TEDx, ‘Romantic Destiny’ and an ounce of prevention …

Looking forward to TEDx Southbank today where I’m giving one of their ‘micro’ pitches of an idea worth spreading. A few of you have asked me to share it so here is the guts of it:

As we now know Benjamin Franklin got it so right when he opined that, “An ounce of prevention is worth a pound of cure”

But there’s a condition that will affect almost half of you and as many children. It will cause you as much emotional pain as the most distressing problems that humans can experience, yet currently, there are no meaningful or widespread prevention strategies in place.

That condition is divorce – or the loss of a loving relationship in whatever form.

In my work as a psychiatrist and relationship therapist, I see so much pain and heartache, especially in children, that could have been prevented.

The impact of divorce is far-reaching. Population study findings from a large sample in the USA, tell us that around 80% of people who get divorced, 5 years later, are still as unhappy as they were before they got divorced! In part, it’s because divorce brings its own set of ongoing problems, particularly when children are involved.
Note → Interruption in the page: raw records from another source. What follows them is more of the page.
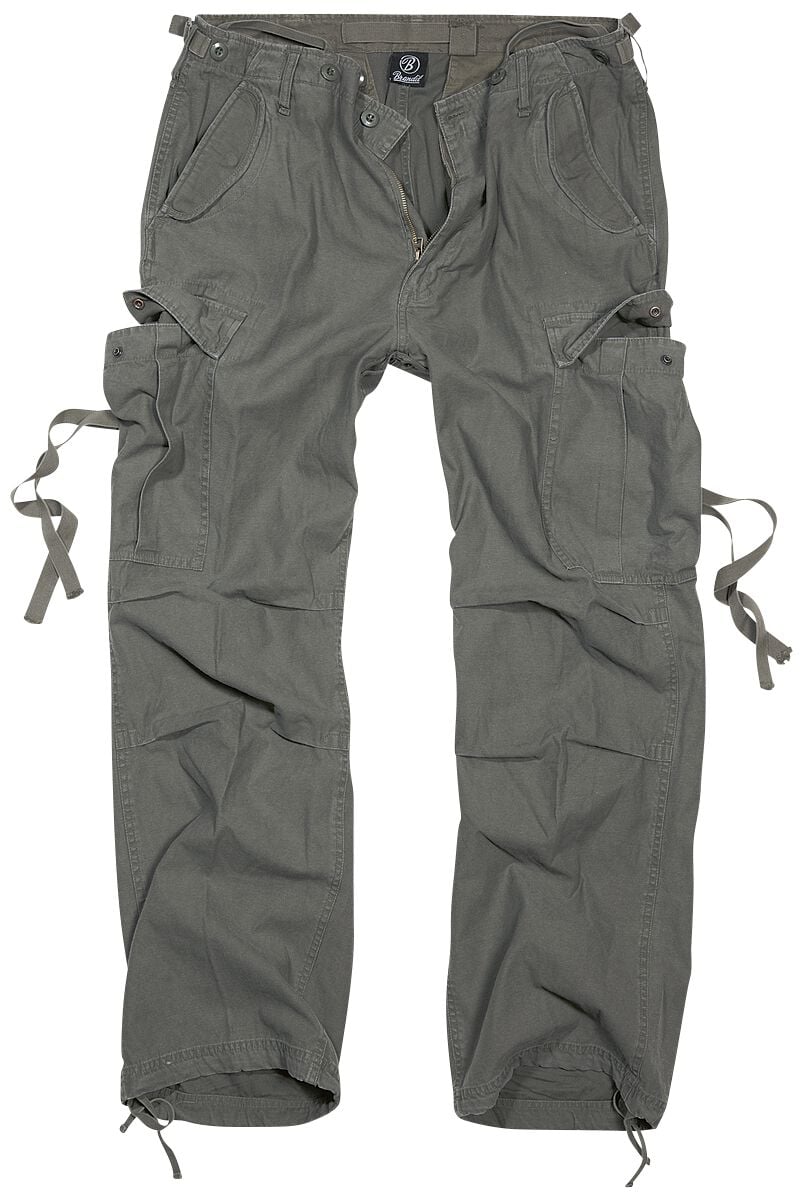 Pantalon Cargo  de Brandit - Pantalon M65 Vintage - S à XXL - pour Homme - olive - Brandit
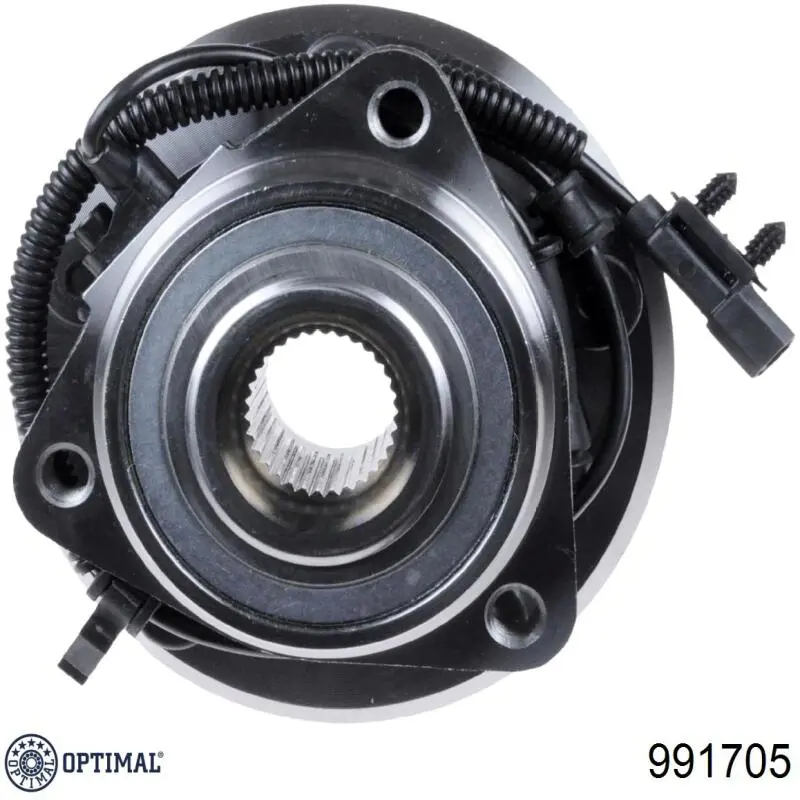 Купити 991705 Optimal Маточини передніх коліс
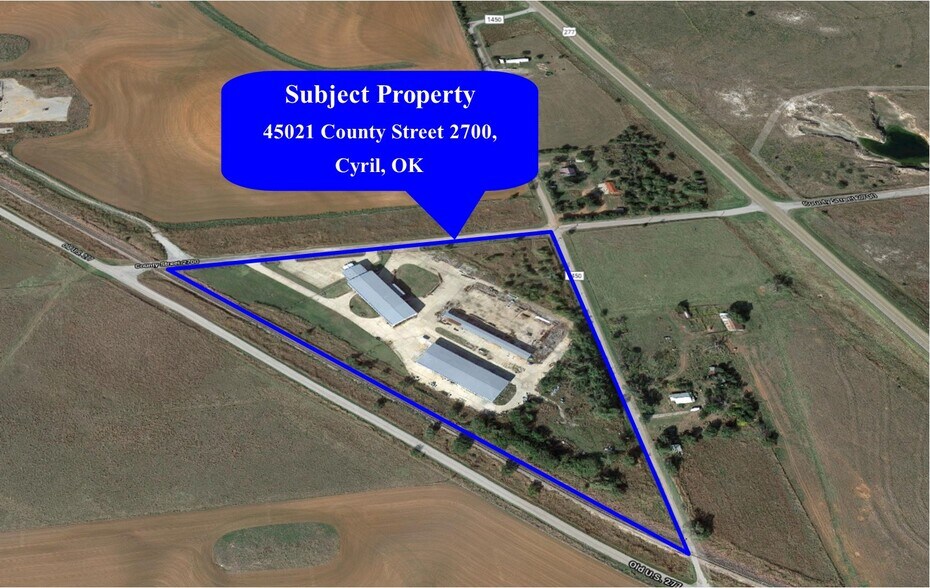 More Photos Of 45021 County Street 2700, Cyril Industrial For Sale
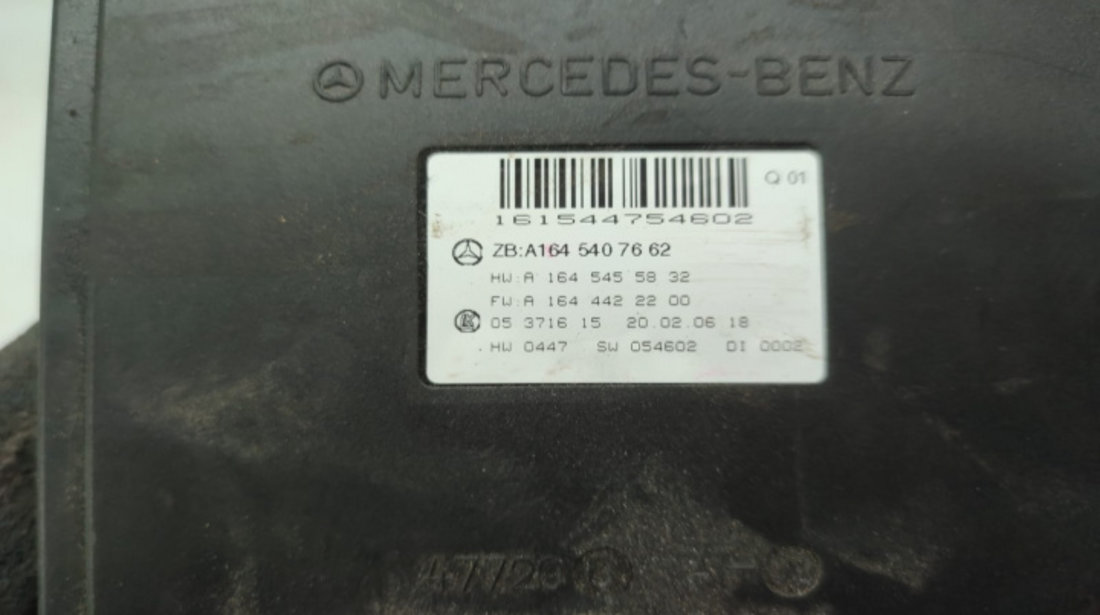 Modul SAM fata a1645407662 Mercedes-Benz M-Class W164 [2005 - 2008]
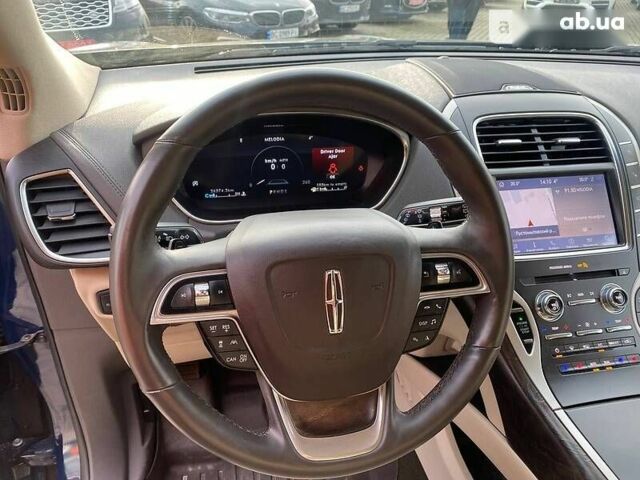Линкольн Nautilus, объемом двигателя 2.7 л и пробегом 26 тыс. км за 36500 $, фото 12 на Automoto.ua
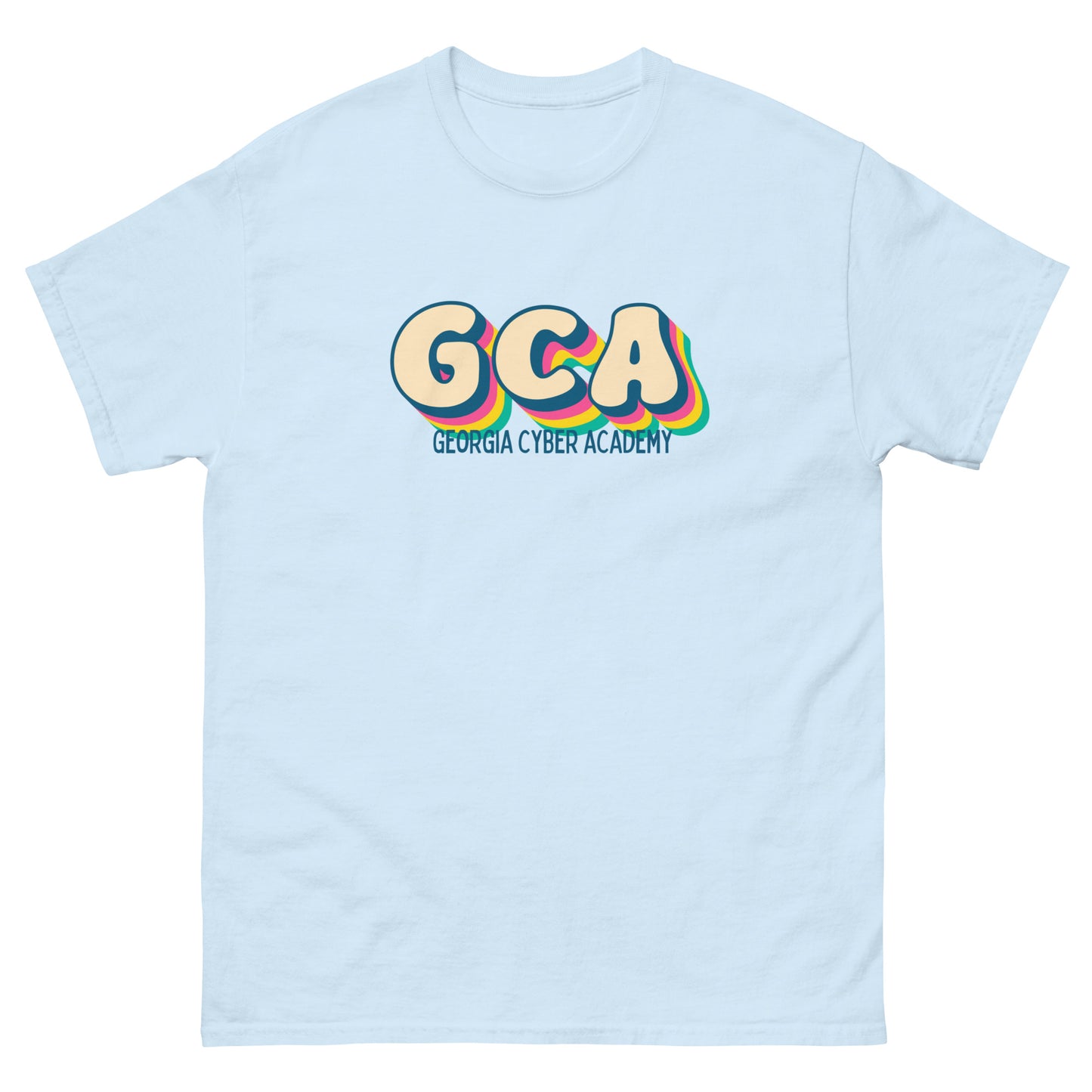 GCA groovy font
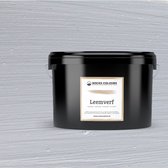 Leemverf blauw laguna 4 kilo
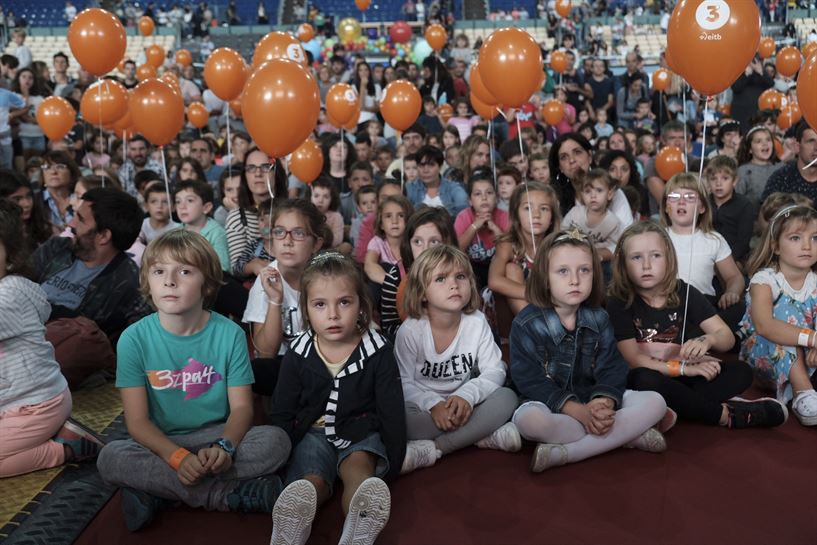 Izan EiTB jaia 2018 en Donostia-San Sebastián. (Foto: EiTB)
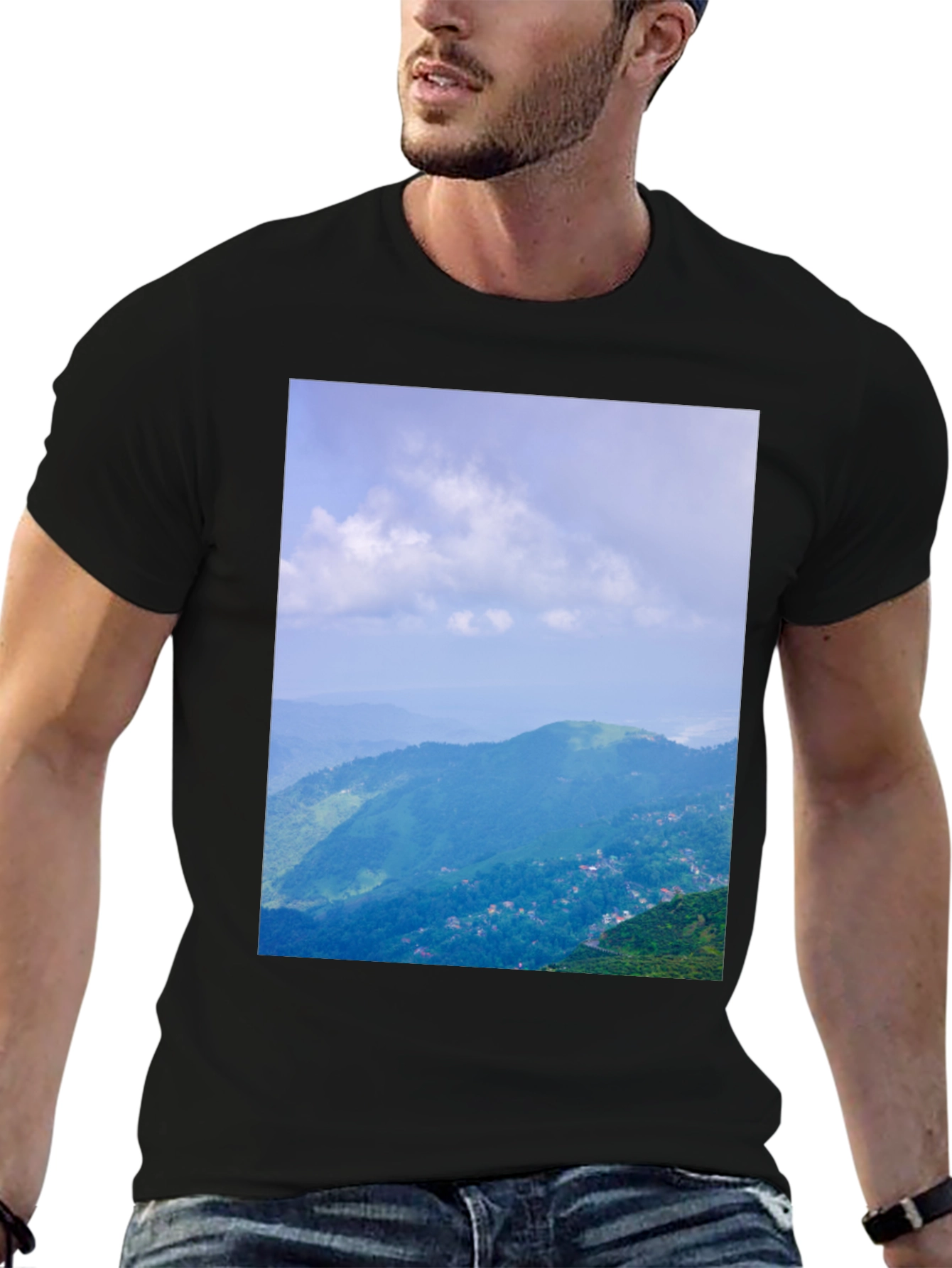 Mountain View Graphic Tee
So what form might that prevention take? I would suggest we need to go right back, before we need counselling, even before pre-marital counselling (who actually does that?). We need to help people to choose a better partner – someone who brings out the best in you.

Scott Peck, in the iconic The Road Less Travelled introduced the idea that “love is a thoughtful, committed decision.” Too often it is seen as some form of ‘romantic destiny’ that we have no control over – but, strangely enough, Peck was right, we do.

The research and clinical experience gives us some surprisingly simple strategies to help everyone choose a healthier partner and we need to make them common knowledge. So, watch this space …

2 thoughts on “TEDx, ‘Romantic Destiny’ and an ounce of prevention …

  1. Stephanie Loughnan

    I have told my children that their choice of a life partner is the most important decision they will make. That choice is the difference in their long term happiness or unhappiness. So far they have chosen well.

  2. December M

    We did pre-marital counselling. Yes, the two hour session was pretty much a waste of time but we wanted to make sure we had found the right person. We lived together for four years before getting married, and our vows were all about helping each other be the best version of ourselves. 12 years on and we have changed and grown – both together and separately. I think you find the right person for the now – or perhaps for a generation- but rarely for a lifetime. I think of those in the 1800s, who lived until they were 40. A lifetime with one partner was no problem. But we now live to 100 and beyond. Who we are in our 20s is very different from who we are in our 40s. I think we need to start restructuring the way that we look at life, and the way that we look at relationships. Maybe we’ve been wrong all along. Maybe relationships are supposed to only be for a ‘time’ and not for ‘ever’.